Iran War Shakes Emerging Markets and Investor Confidence
Escalating military tensions around Iran have triggered a sharp selloff across global emerging markets, raising concerns about the stability of economies that had recently attracted strong investor inflows. The conflict has rapidly shifted sentiment in financial markets as rising oil prices and a strengthening US dollar threaten the outlook for many fast-growing developing economies.
Only days earlier, stocks and bonds across emerging markets were trading near record highs, supported by expectations of slowing inflation and potential monetary easing. However, the geopolitical shock has prompted investors to reassess risk exposure and move capital toward safer assets.
Oil price surge raises risks for energy-importing economies
One of the most immediate consequences of the conflict has been a surge in global oil prices amid fears of supply disruptions in the Strait of Hormuz. Crude oil prices climbed to around $76 per barrel, creating serious challenges for economies heavily dependent on energy imports.
Asian markets have been particularly vulnerable. Countries such as South Korea, Thailand and India rely heavily on imported energy, and higher fuel costs could push up inflation and complicate monetary policy decisions.

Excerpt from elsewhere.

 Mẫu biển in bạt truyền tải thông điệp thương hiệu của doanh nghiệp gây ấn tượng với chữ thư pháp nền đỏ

South Korean equities have fallen sharply this week, dropping about 18% as investors reacted to the worsening geopolitical environment. Technology-focused markets such as Taiwan have also experienced significant declines.
Stronger US dollar tightens financial conditions
At the same time, the US dollar has strengthened significantly. Bloomberg’s dollar index rose roughly 1.5% during the week, increasing the financial burden for emerging markets with large amounts of dollar-denominated debt.

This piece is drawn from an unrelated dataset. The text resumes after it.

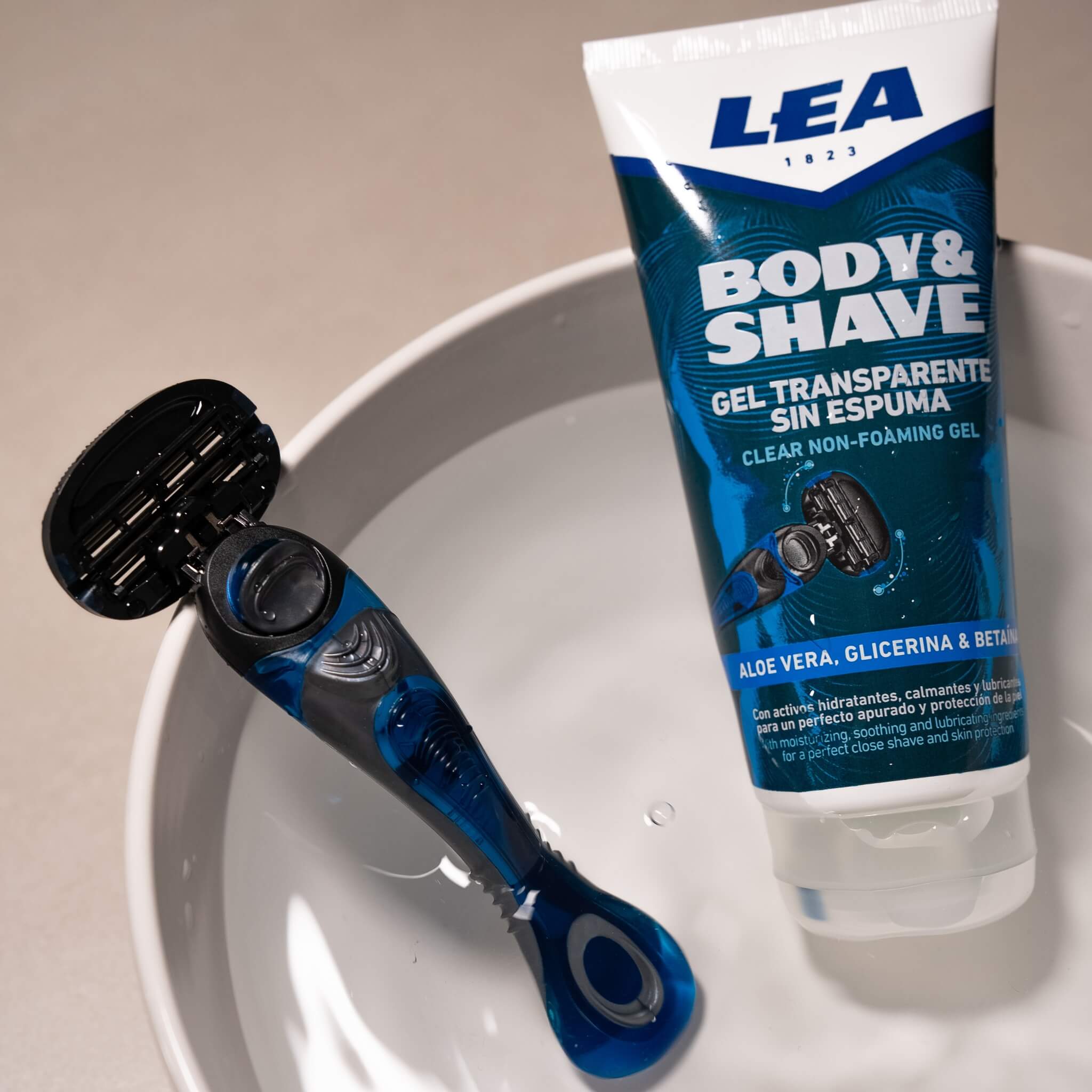 Body & Shave Shaver and 1 blade (3+3 blades)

Several currencies across the developing world have come under pressure. India’s rupee fell to a record low, prompting the central bank to intervene by selling dollars to stabilize the currency.
Authorities in other countries, including Indonesia and Turkey, have also stepped into currency markets to limit volatility. In China, the central bank unexpectedly set a stronger yuan reference rate after previously signaling tolerance for currency weakness.

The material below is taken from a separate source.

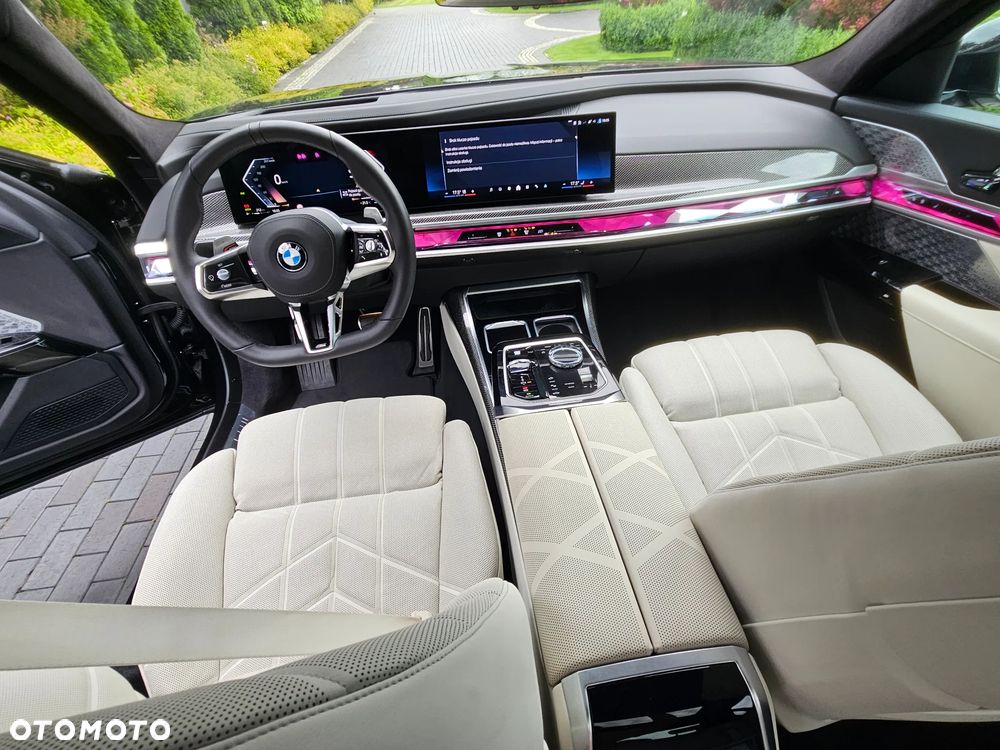 BMW Seria 7 740d xDrive mHEV sport - 23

Capital outflows accelerate across emerging markets
Global investors have started withdrawing capital from emerging market assets. According to Bloomberg data, about $6.3 billion was pulled from Asian emerging-market equities excluding China during the week, marking the largest weekly outflow in about a month.
The MSCI emerging markets equity benchmark dropped as much as 4.4%, approaching technical correction territory. By comparison, global and developed market equities declined by less than 1% during the same period.
Emerging market debt also faced pressure. A benchmark of dollar-denominated EM bonds recorded its largest two-day decline since April, while a currency index tracking developing economies fell about 1.7% since the start of the week.

Investors rotate toward oil exporters
In response to the changing macroeconomic environment, investment managers are adjusting portfolio strategies. One of the key trends is rotating away from oil-importing economies toward oil exporters that may benefit from higher energy prices.
Countries with significant oil exports could see short-term gains. In Latin America, for example, Colombia and Mexico may benefit from higher crude prices, although fiscal policies such as fuel subsidies could limit the positive impact.
Market strategists say investors are now trying to determine whether the current selloff represents a temporary reaction to geopolitical risk or the beginning of a more prolonged shift in global capital flows.
Geopolitical tensions raise global inflation concerns
Another concern among economists is the possibility of a renewed wave of global inflation. Higher energy costs could feed through to transportation, manufacturing and logistics, increasing price pressures worldwide.
US President Donald Trump said the United States would provide insurance guarantees and naval escorts for oil tankers passing through the Strait of Hormuz in an effort to prevent a major energy crisis caused by the conflict.
Analysts at Goldman Sachs note that geopolitical shocks typically weigh on markets in the short term but tend to fade over time. However, the current conflict comes at a moment when many emerging markets were already vulnerable after strong gains earlier in the year.
Georgia’s economy shows resilience amid global volatility
Despite global financial turbulence, some fast-growing economies continue to demonstrate resilience. Georgia is among the countries maintaining strong economic momentum.
According to official data, Georgia’s economy expanded by 7.9% year-on-year in January 2026. Growth has been driven by services, tourism, transportation, trade and continued investment activity.
The European Bank for Reconstruction and Development also recently upgraded its economic outlook for the country. The EBRD raised its forecast for Georgia’s economic growth in 2026 from 5% to 5.5%.
As International Investment experts note, despite global geopolitical tensions and financial market volatility, Georgia continues to demonstrate economic resilience. The country remains attractive for international investors due to its liberal economic policies, improving infrastructure and growing role as a regional hub connecting Europe and Asia.